▶ _Task directions_: Exactly and only the lines from the first entry through the line with "The bus dropped" should be copied, both ends included, with no pictures.

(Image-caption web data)
################
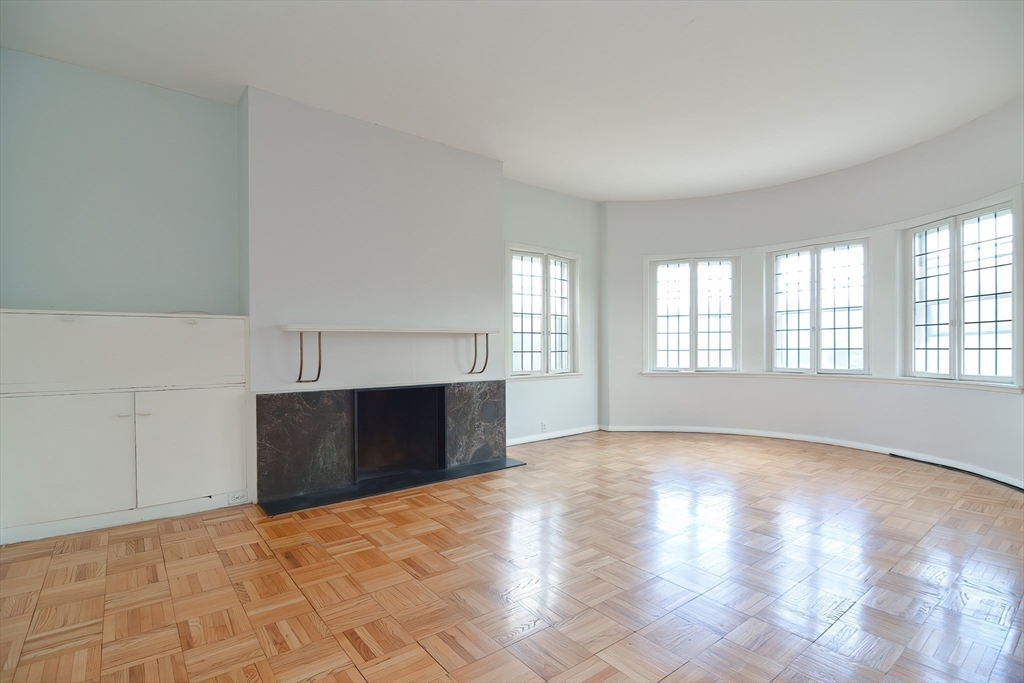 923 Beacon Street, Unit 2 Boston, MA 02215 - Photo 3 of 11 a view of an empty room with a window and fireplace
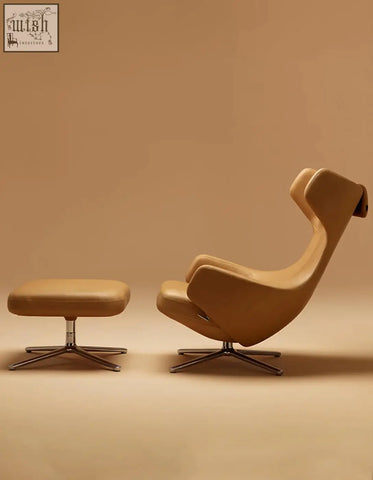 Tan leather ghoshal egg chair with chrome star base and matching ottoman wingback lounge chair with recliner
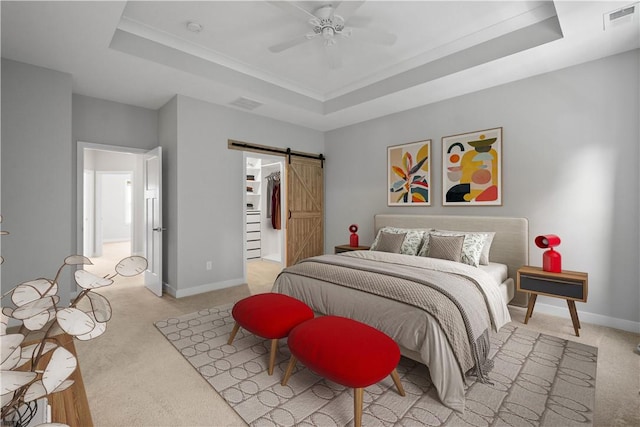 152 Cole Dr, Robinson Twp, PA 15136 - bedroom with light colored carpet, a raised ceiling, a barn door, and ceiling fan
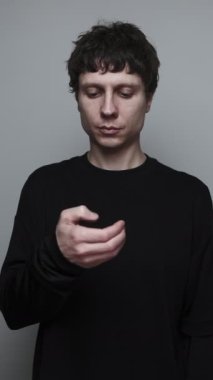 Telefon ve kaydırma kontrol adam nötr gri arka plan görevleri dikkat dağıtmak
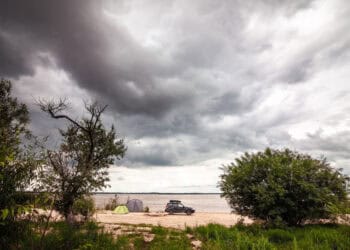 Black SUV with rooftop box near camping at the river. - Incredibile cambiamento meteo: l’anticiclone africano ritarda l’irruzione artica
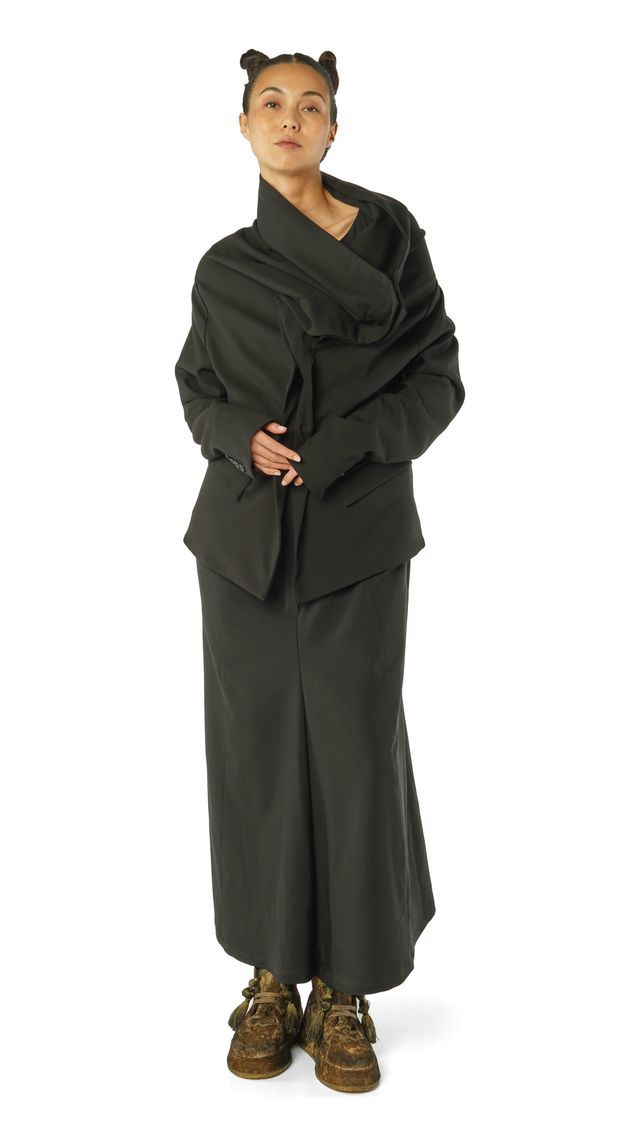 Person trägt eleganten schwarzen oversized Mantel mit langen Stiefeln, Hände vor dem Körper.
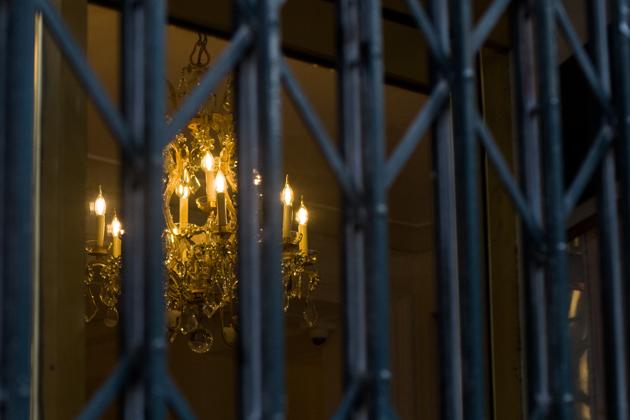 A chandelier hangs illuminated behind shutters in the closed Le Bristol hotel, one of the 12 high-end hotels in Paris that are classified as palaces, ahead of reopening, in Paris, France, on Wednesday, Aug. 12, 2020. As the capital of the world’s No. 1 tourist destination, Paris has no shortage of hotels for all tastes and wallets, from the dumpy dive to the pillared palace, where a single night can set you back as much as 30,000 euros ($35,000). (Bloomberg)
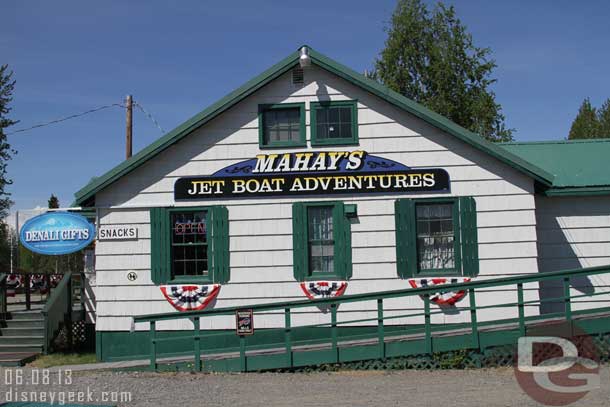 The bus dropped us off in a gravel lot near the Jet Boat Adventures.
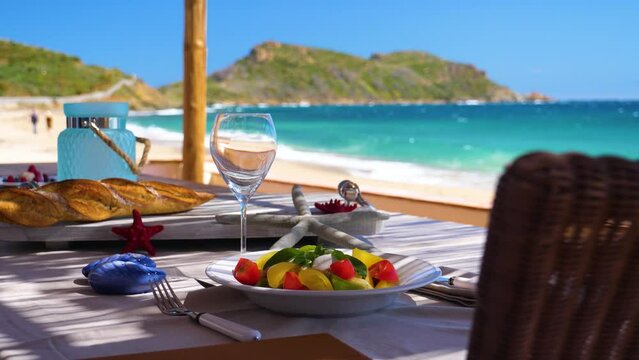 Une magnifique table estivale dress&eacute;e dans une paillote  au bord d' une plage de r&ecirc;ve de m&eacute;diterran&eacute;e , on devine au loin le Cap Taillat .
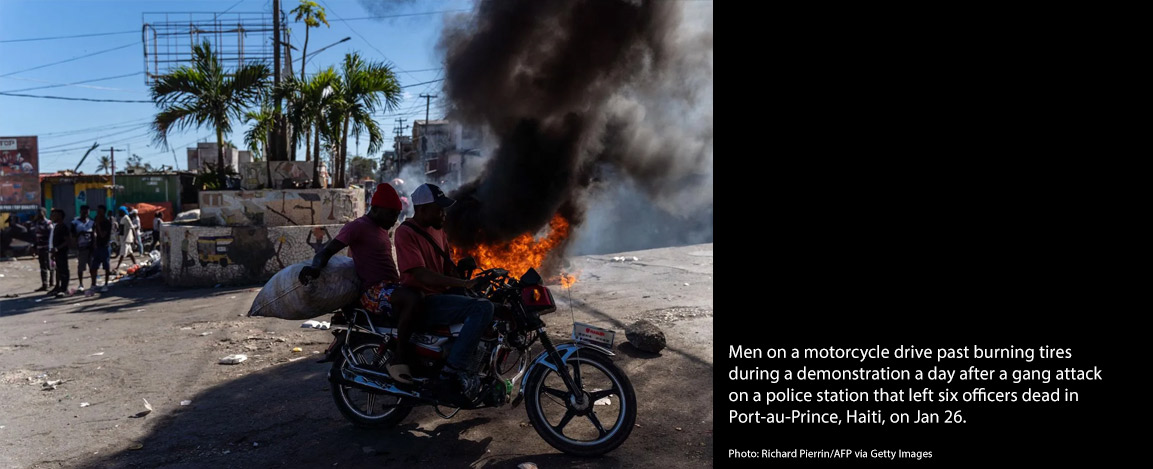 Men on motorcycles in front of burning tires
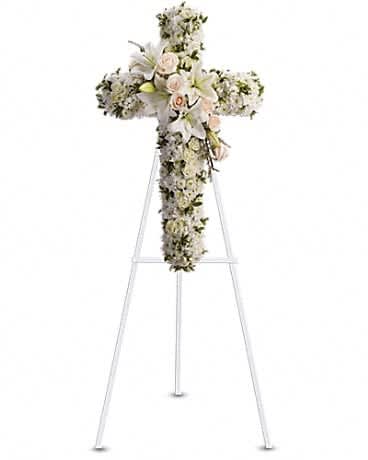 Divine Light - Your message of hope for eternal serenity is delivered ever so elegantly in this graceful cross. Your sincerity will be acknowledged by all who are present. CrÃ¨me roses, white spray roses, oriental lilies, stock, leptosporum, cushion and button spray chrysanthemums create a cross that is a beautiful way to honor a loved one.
################
▶ _Solution for this problem_:
 923 Beacon Street, Unit 2 Boston, MA 02215 - Photo 3 of 11 a view of an empty room with a window and fireplace
 Tan leather ghoshal egg chair with chrome star base and matching ottoman wingback lounge chair with recliner
 152 Cole Dr, Robinson Twp, PA 15136 - bedroom with light colored carpet, a raised ceiling, a barn door, and ceiling fan
 Telefon ve kaydırma kontrol adam nötr gri arka plan görevleri dikkat dağıtmak
 Black SUV with rooftop box near camping at the river. - Incredibile cambiamento meteo: l’anticiclone africano ritarda l’irruzione artica
 Person trägt eleganten schwarzen oversized Mantel mit langen Stiefeln, Hände vor dem Körper.
 A chandelier hangs illuminated behind shutters in the closed Le Bristol hotel, one of the 12 high-end hotels in Paris that are classified as palaces, ahead of reopening, in Paris, France, on Wednesday, Aug. 12, 2020. As the capital of the world’s No. 1 tourist destination, Paris has no shortage of hotels for all tastes and wallets, from the dumpy dive to the pillared palace, where a single night can set you back as much as 30,000 euros ($35,000). (Bloomberg)
 The bus dropped us off in a gravel lot near the Jet Boat Adventures.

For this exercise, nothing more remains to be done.